### Task item
Once you find the line with "Free- large samsonite" in the data below, transcribe exactly each line from there to the line with "2619 Paula Drive, West Plains, MO 65775", inclusive, and nothing else. Drop the pictures.
*** Records for this exercise Section Begins ***
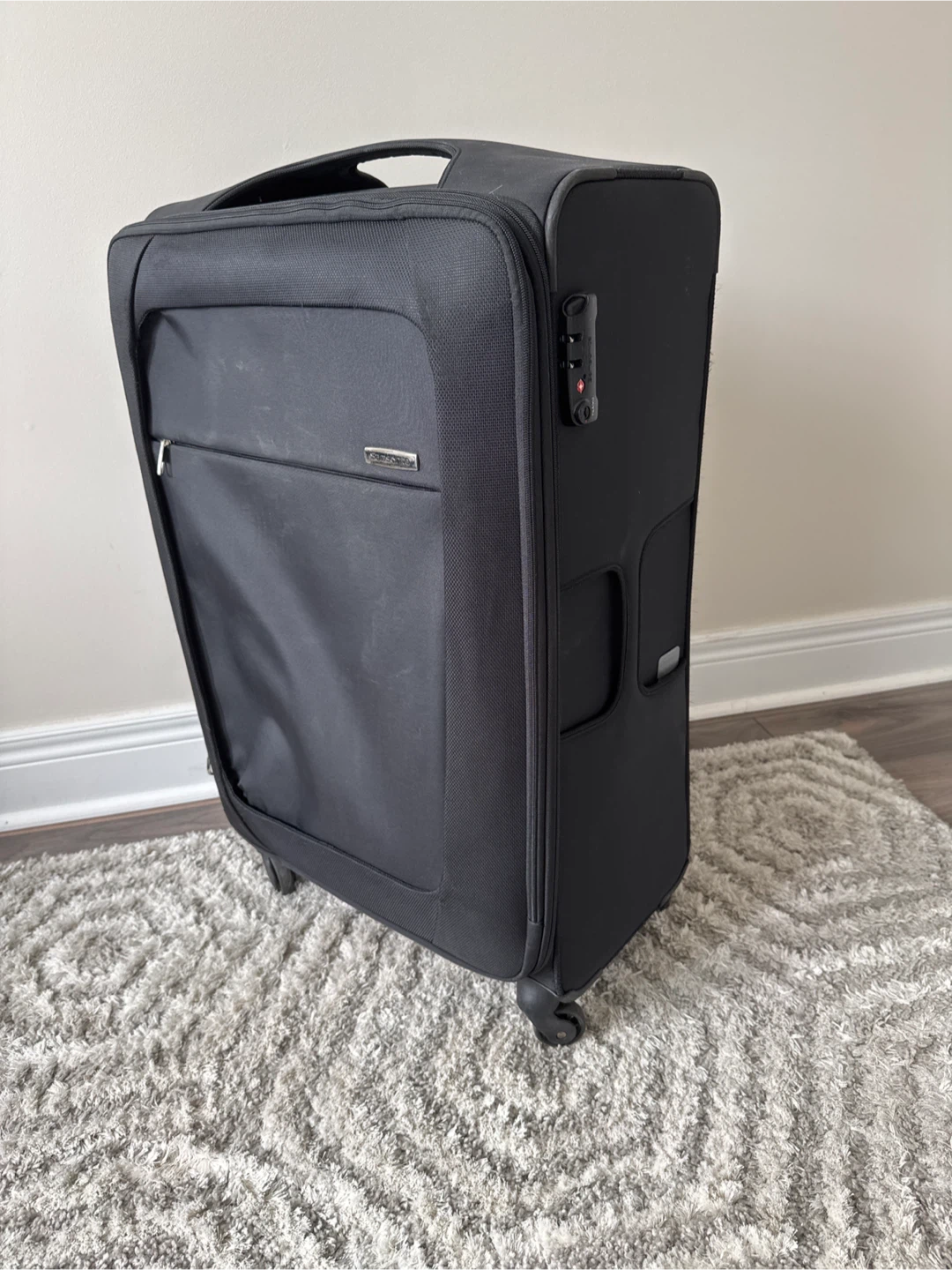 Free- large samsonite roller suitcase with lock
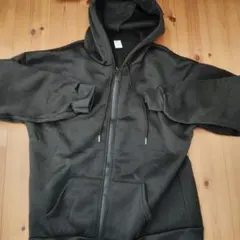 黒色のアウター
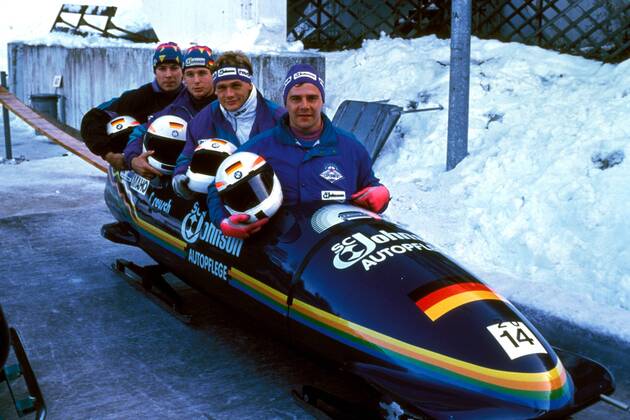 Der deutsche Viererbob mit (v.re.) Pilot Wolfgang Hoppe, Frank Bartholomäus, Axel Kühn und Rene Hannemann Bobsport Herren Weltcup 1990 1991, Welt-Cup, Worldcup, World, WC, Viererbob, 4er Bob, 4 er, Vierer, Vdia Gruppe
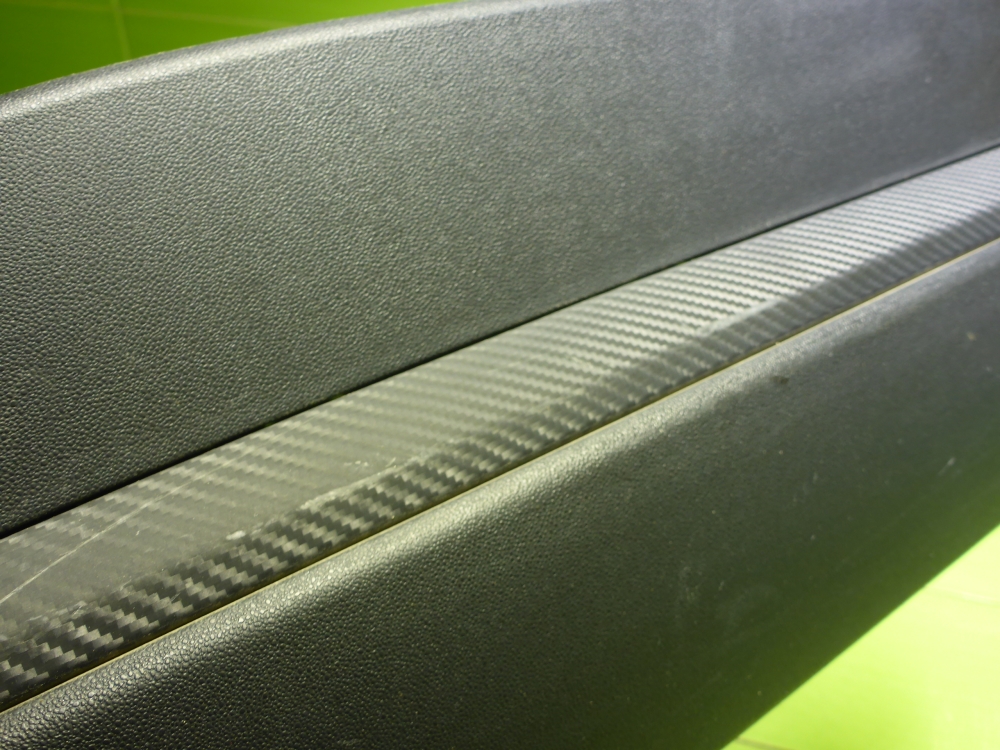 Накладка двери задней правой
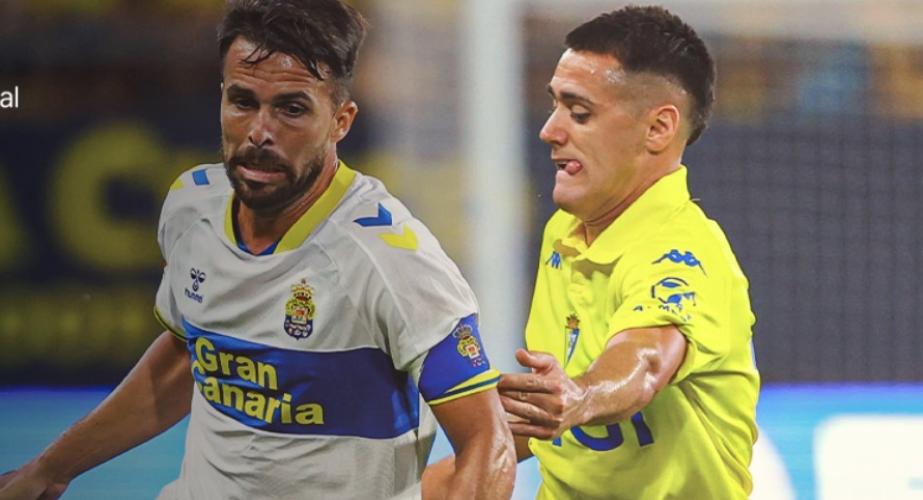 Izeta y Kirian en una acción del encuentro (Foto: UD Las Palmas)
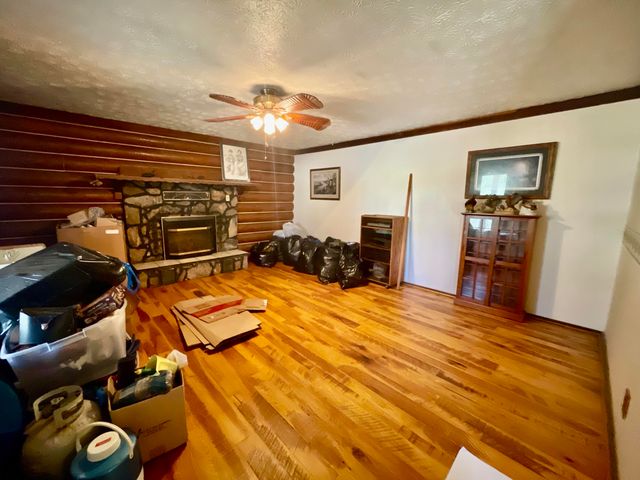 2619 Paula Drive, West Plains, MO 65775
*** Records for this exercise Section Ends ***
*** Records for this exercise Section Begins ***
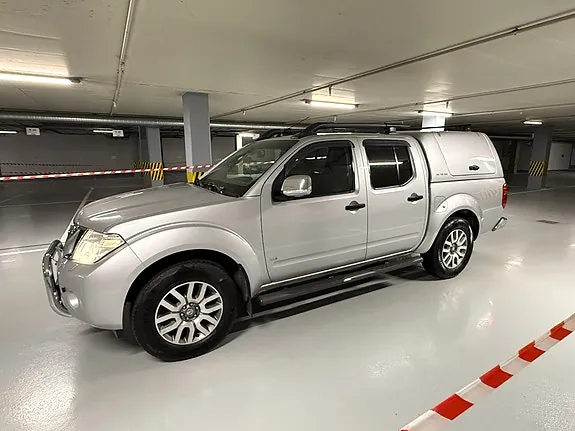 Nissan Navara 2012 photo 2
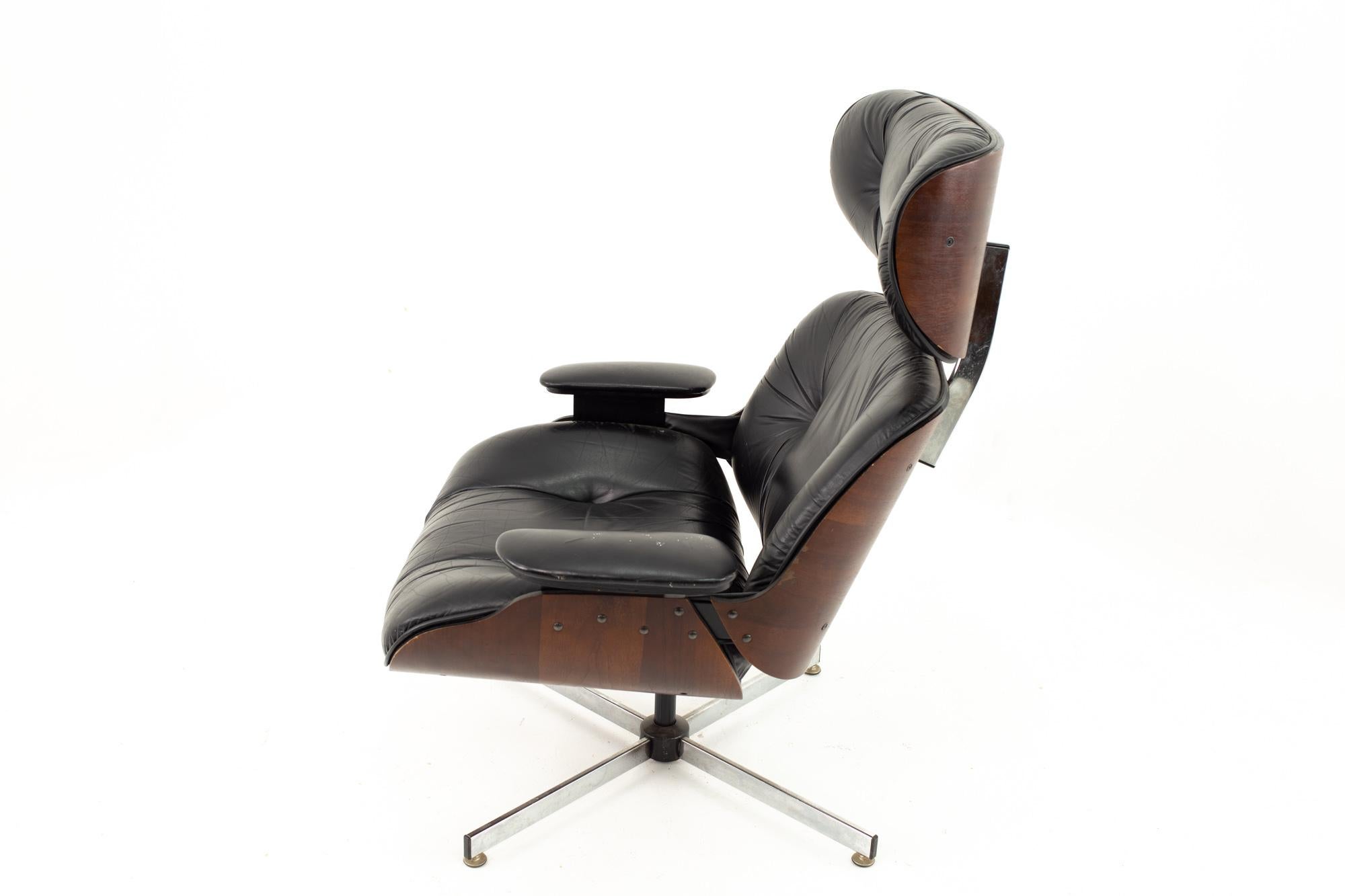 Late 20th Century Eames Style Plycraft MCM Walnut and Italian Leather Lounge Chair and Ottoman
*** Records for this exercise Section Ends ***
### Result below
 Free- large samsonite roller suitcase with lock
 黒色のアウター
 Der deutsche Viererbob mit (v.re.) Pilot Wolfgang Hoppe, Frank Bartholomäus, Axel Kühn und Rene Hannemann Bobsport Herren Weltcup 1990 1991, Welt-Cup, Worldcup, World, WC, Viererbob, 4er Bob, 4 er, Vierer, Vdia Gruppe
 Накладка двери задней правой
 Izeta y Kirian en una acción del encuentro (Foto: UD Las Palmas)
 2619 Paula Drive, West Plains, MO 65775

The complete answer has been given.